The valley below was a swirling cauldron of colors.

To the East, a wall of Grey Ash and Blue Crystal was advancing. The Architect's legacy. It killed everything it touched.

To the West, the Green Cloud of spores was rolling down the mountain, pushed by the wind.

They met in the middle of the lake.

It was like watching a chemical reaction on a planetary scale.

Where the Green met the Blue, lightning flashed. The air boiled. The crystal shattered and dissolved into sludge. The ash turned into mud.

"The Green is winning," Nayla said, watching the battle.

"It's heavier," I said. "The spores are biological. They reproduce. The crystal is static. It can't replenish itself without the Source."

"So the Earth cleans itself," Katunzi said.

"And then it comes for us," I added.

I pointed to the city of Bunia in the distance.

It was half-covered in crystal. But the Green Cloud was rolling over the suburbs.

"We have to get there," I said. "If there are survivors trapped in the crystal... the spores will free them. We need to be there to pull them out of the slush."

I looked at the sat-phone in the jar.

"One last message," I said. "Before the battery dies."

I unscrewed the jar. The air hissed.

I typed quickly.

Update:

We are alive. We are walking. The Age of Silicon is over. The Age of Wood has begun.
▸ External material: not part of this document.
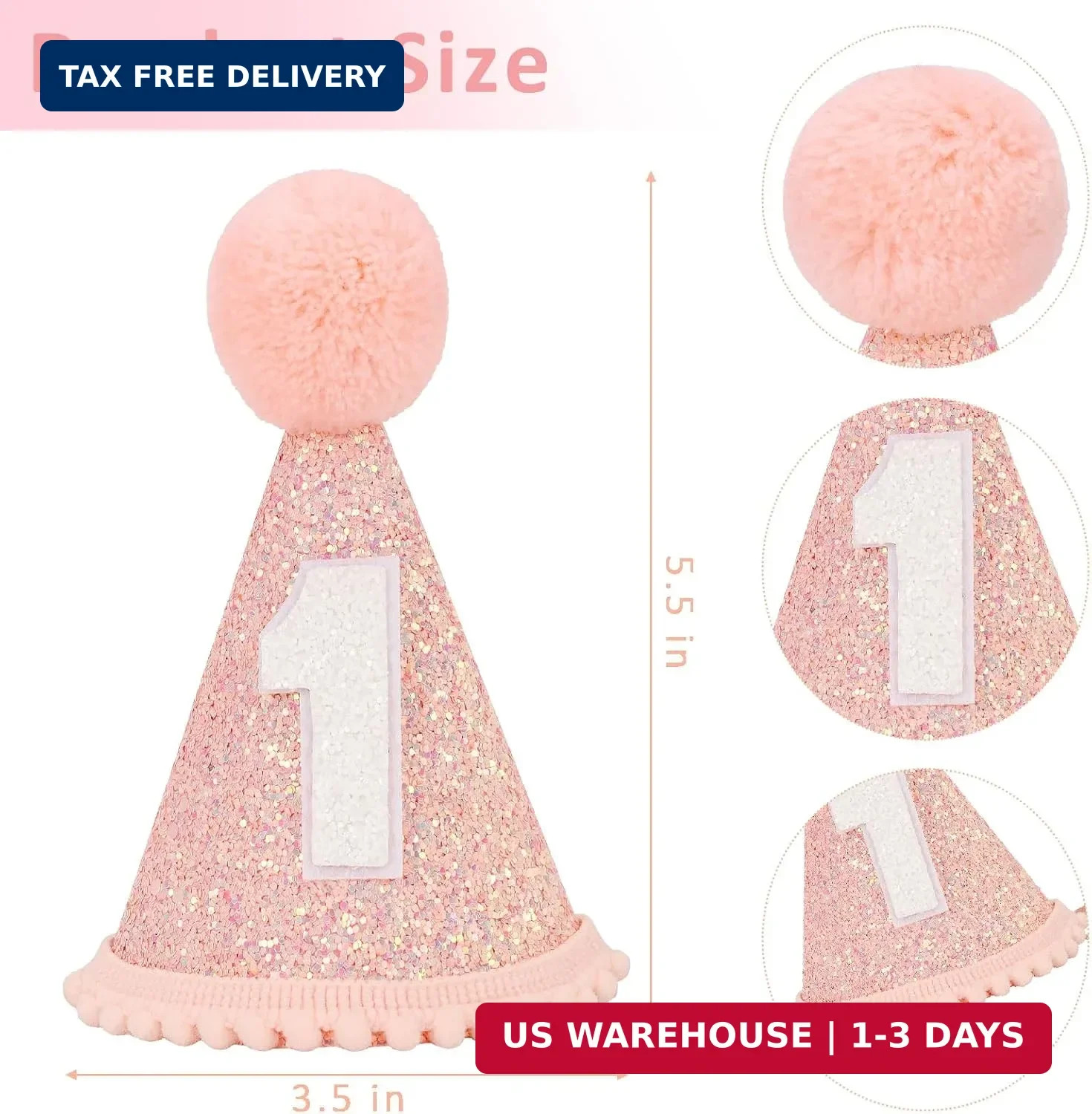 1st Birthday Cone Hat, Girls’ and Boys’ Party Headwear, Glitter Decorations for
Do not fear the Green Cloud. It is the cure. Stay in your bunkers until the moss grows on the door. Then, come out and start planting.

I hit send.

The screen flickered.

BATTERY: 0%.

The phone died.

I put it back in my pocket. A paperweight.

I looked at my team. Dirty, barefoot, armed with wood and iron.

"Let's go," I said. "We have a city to save."

We started the descent into the Rift.